YOUR INSTRUCTIONS: Leave the pictures out. Retype exactly the lines below from the one containing "Mandala white gold" through the one containing "vidaXL sötétzöld bársony", and no others.

DATA FOR REVIEW:

<<<<

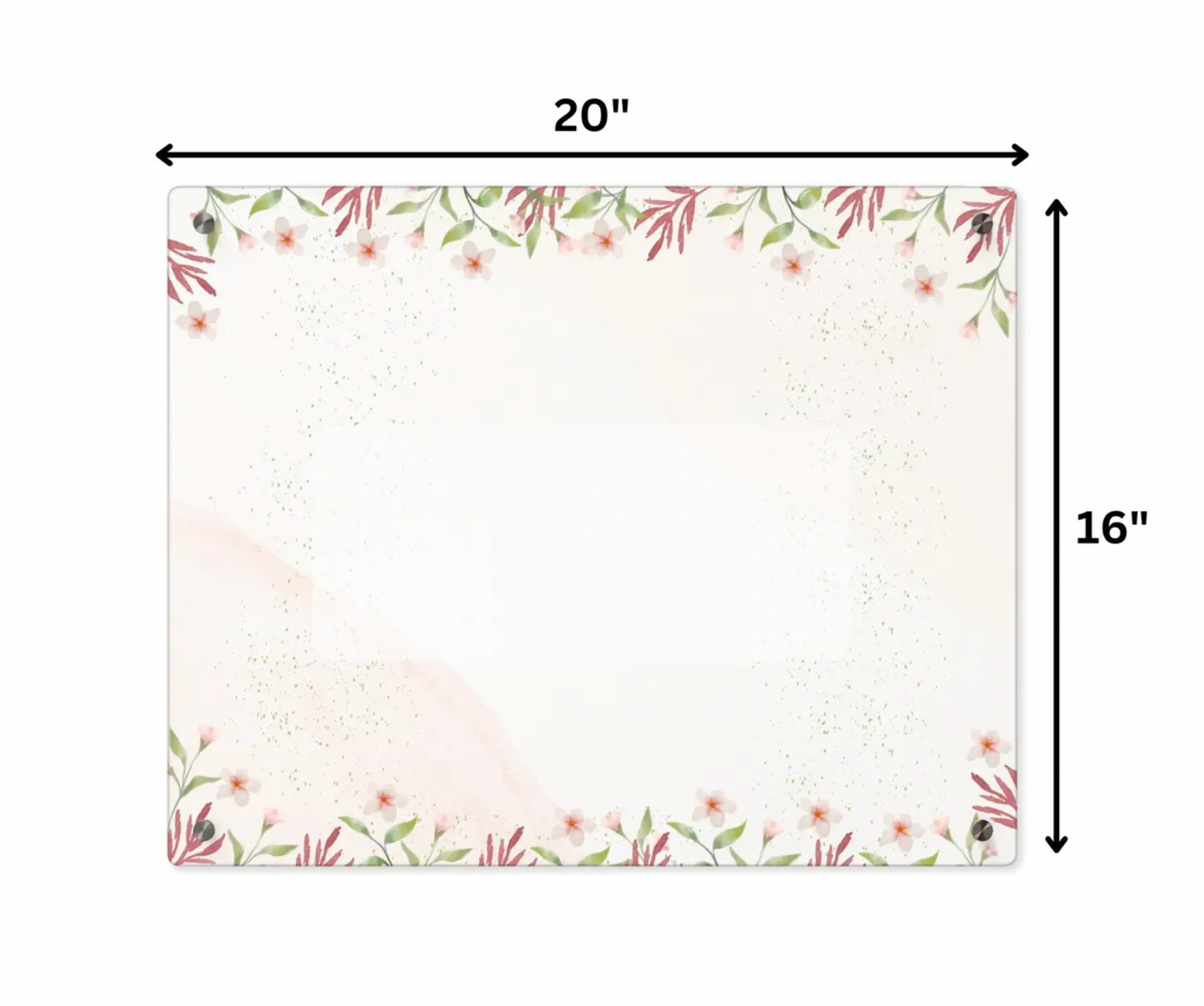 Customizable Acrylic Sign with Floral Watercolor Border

>>>>
<<<<

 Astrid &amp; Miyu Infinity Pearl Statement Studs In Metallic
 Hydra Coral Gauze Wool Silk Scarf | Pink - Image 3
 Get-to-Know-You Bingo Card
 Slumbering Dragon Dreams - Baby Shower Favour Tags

>>>>
<<<<

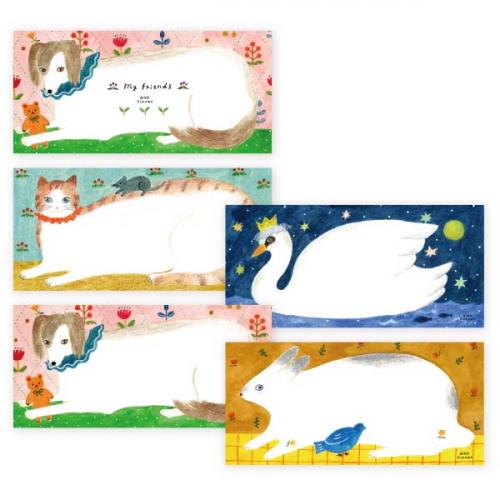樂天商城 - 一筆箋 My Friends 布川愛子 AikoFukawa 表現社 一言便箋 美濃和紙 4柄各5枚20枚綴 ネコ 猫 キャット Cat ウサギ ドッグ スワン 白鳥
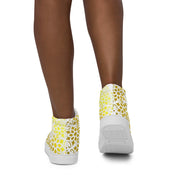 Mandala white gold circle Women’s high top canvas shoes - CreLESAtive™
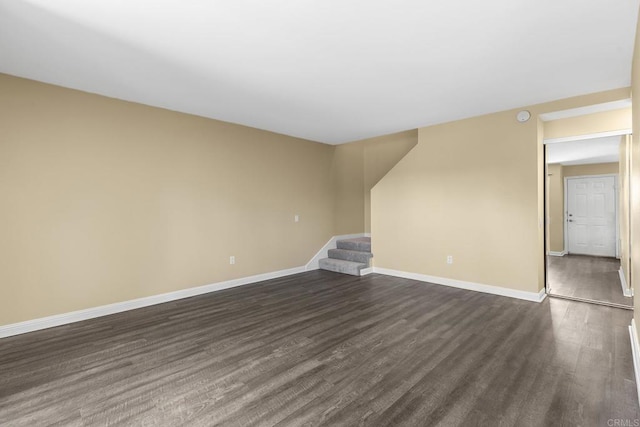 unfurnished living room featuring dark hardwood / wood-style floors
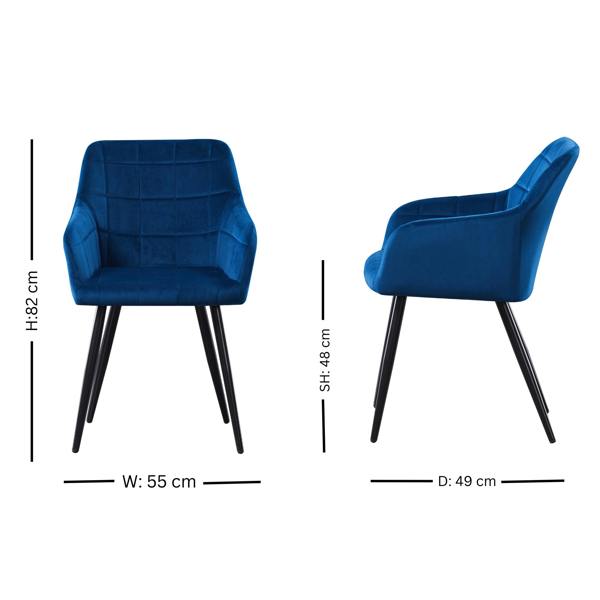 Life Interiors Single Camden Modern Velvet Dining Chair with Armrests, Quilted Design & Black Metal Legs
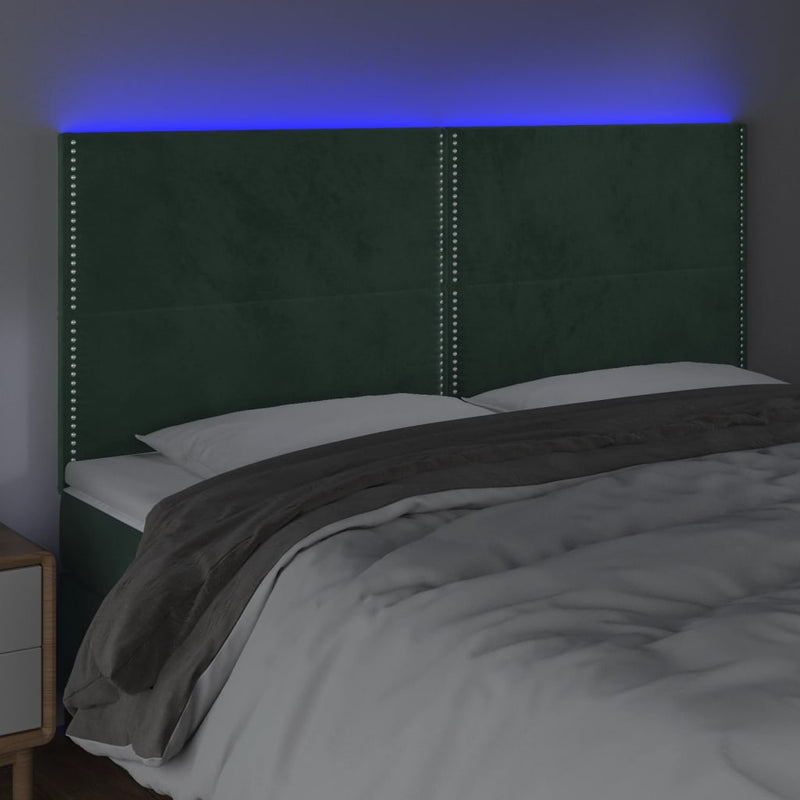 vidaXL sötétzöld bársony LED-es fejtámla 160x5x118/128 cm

>>>>

RESULT FOR THIS TASK:
 Mandala white gold circle Women’s high top canvas shoes - CreLESAtive™
 unfurnished living room featuring dark hardwood / wood-style floors
 Life Interiors Single Camden Modern Velvet Dining Chair with Armrests, Quilted Design & Black Metal Legs
 vidaXL sötétzöld bársony LED-es fejtámla 160x5x118/128 cm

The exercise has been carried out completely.